A few years ago there was a page on CNN reporting a street stabbing in Chicago. The ads down the side said such things as 'Buy the best knives here', 'Get knives on eBay', and so on! The stupid software had found the word 'knife' and assumed that the page was about knives, and automatically assigned cutlery ads to it. No-one was happy, least of all the cutlery firms, who certainly didn't want their product to be associated with homicides.
To avoid this crazy result, my approach analyses all the content words (strictly, 'lexemes') on the page and weights them in terms of relevance. For the CNN page, a word like 'knife' would be outranked by the cluster of other words on the page that relate to crime. It then classifies the page using a set of around 1500 categories derived from the taxonomy I developed when working on the Cambridge encyclopedia family (there's an earlier post about that). It would conclude that this is a page about a crime - specifically, a homicide. It might also conclude that it was about some other things, too, such as policing or urban renewal. (Web pages are usually multi-thematic.)
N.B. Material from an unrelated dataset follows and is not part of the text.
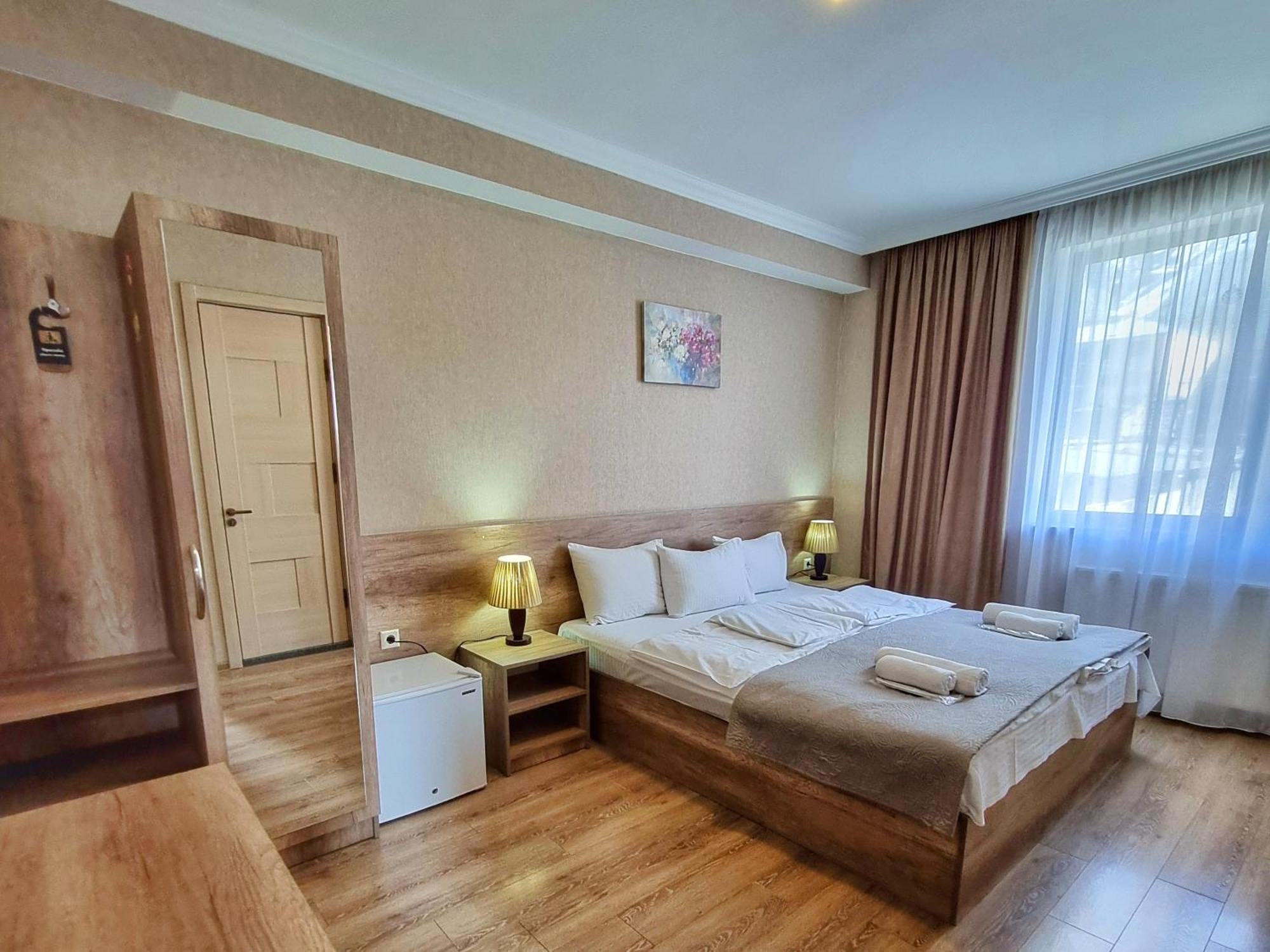 Hotel Sunshine Kazbegi Esterno foto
Any advertiser wanting to place an ad alongside this report would want it to be relevant to the page - an ad about crime prevention, say, or careers in the police force. All advertisers have to do is apply the same classification system to their ad portfolio, and the software picks out the relevant ads. It's a simple principle, but it works very well, and is now beginning to be widely used by the company that is now developing it, adpepper media.
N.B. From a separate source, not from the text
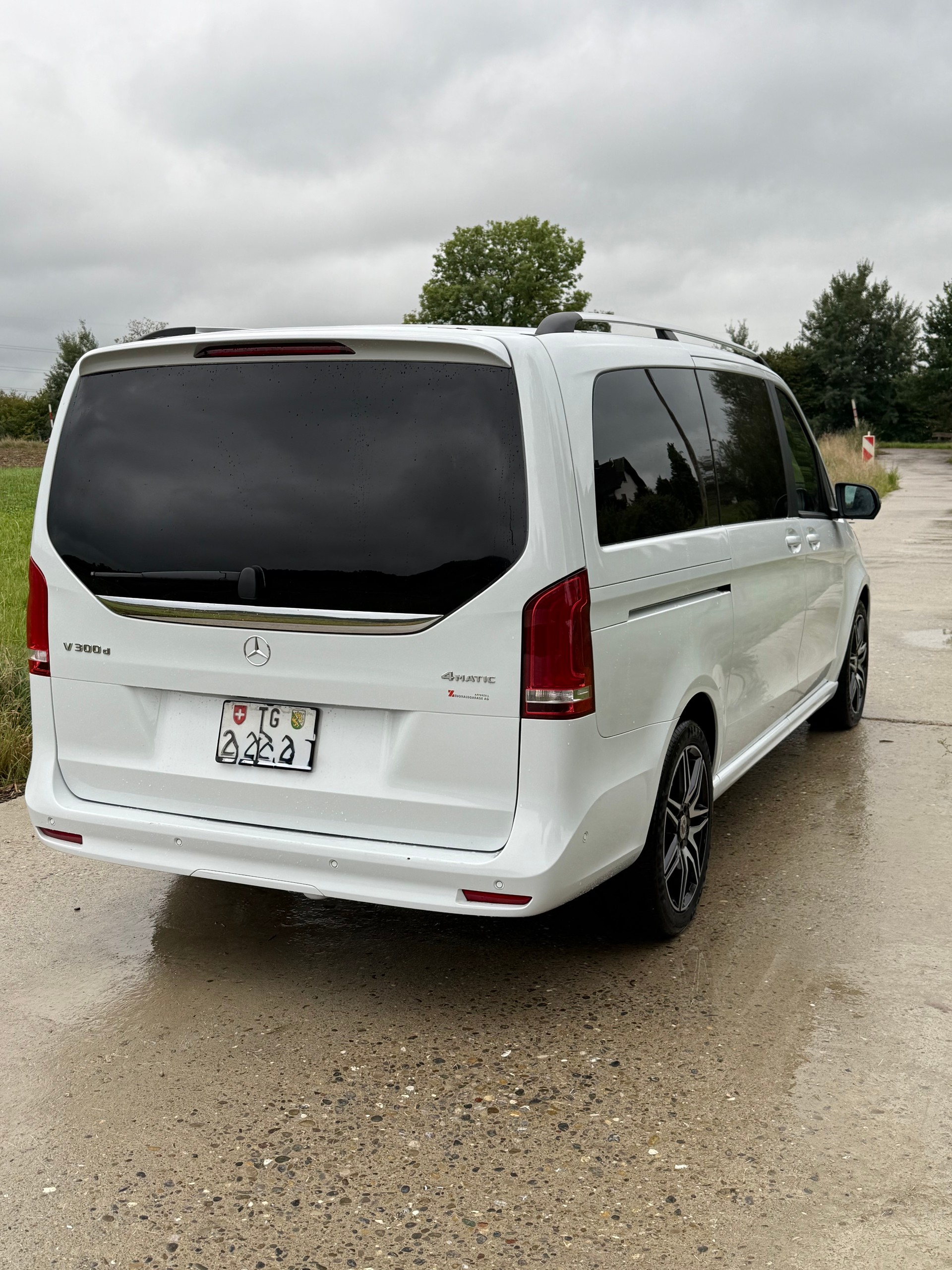 MERCEDES-BENZ V 300 d lang Swiss Edition 4Matic 9G-Tronic-image-1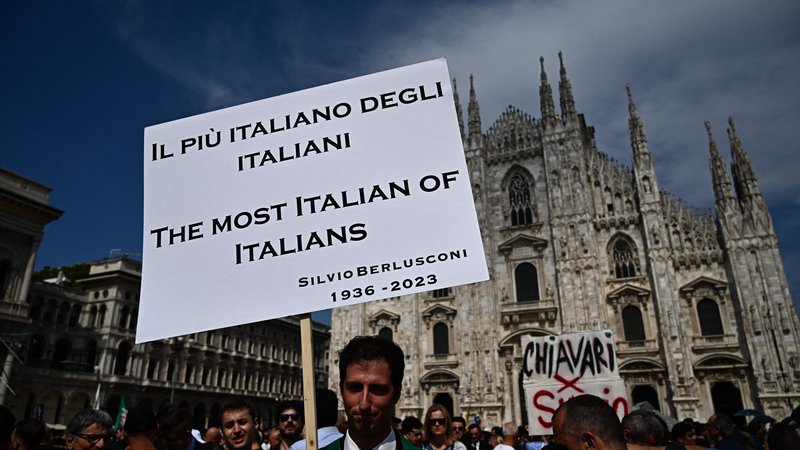 Fotografija: »Najbolj italijanski med Italijani«, so ob zadnjem slovesu Silvia Berlusconija sporočili njegovi privrženci. Vendar je njegova politična dediščina zelo negotova. FOTI: Gabriel Bouys/AFP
The principle is simple, but the linguistics took a long time to develop - ten years, in fact. Every sense of every content word in a college-sized English dictionary had to be investigated and assigned to the relevant encyclopedic category, and significant collocations also had to be identified. The initial task took a team of lexicographers several years, and the software engineering took another team several years more. Indeed, the refining of the approach is still going on, to make sure it is fast enough and robust enough to cope with commercial demands, which might run to hundreds of millions of page-analyses and ad-assignments a day.
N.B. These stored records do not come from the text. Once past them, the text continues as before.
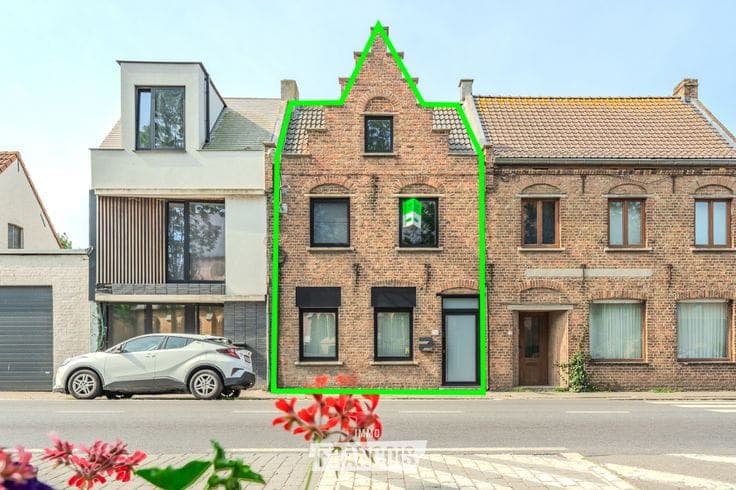 Spacious house with 3 bedrooms, EPC C, solar panels and lar…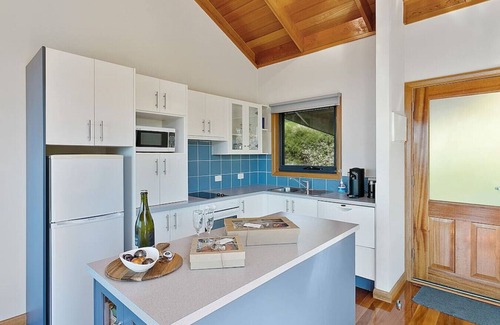 Apollo Bay Villa | Unforgettable Point of View Villa - Ideal Couples Retreat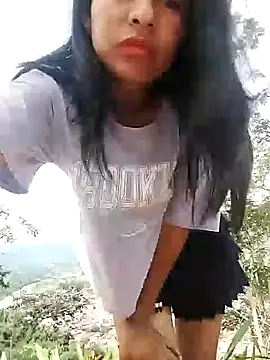 Snapshot of Danna-linyi chatting on December 2024 04:09:02 PM Danna-linyi online show from December 2024 04:09:02 PM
Incidentally, the same procedure can be used for other internet applications, such as improving search-engine relevance, automatic document classification, and internet security. It's difficult to get the big firms and organizations to run with these new ideas, though, I find. They are very set in their ways, and prefer to carry on using their familiar methods (even if they don't work that well) than to invest in new strategies. For instance, a couple of years ago I developed a method (called 'Chatsafe') for tracking paedophile gambits in conversations, based on this sort of lexical analysis. It worked fine, and I thought it would be welcomed by the Powers That Be concerned with this sort of thing, such as the Home Office or chatroom companies. But despite a lot of talk, nobody picked it up, so it's stayed on the shelf.
Is this influencing language use in general? I don't see much sign of that. I talk about the extent to which the internet is influencing current usage in my Language and the Internet, and also in A Glossary of Textspeak and Netspeak. Although the internet is linguistically revolutionary in certain respects, the impact it has so far had on actual usage in a language is pretty limited.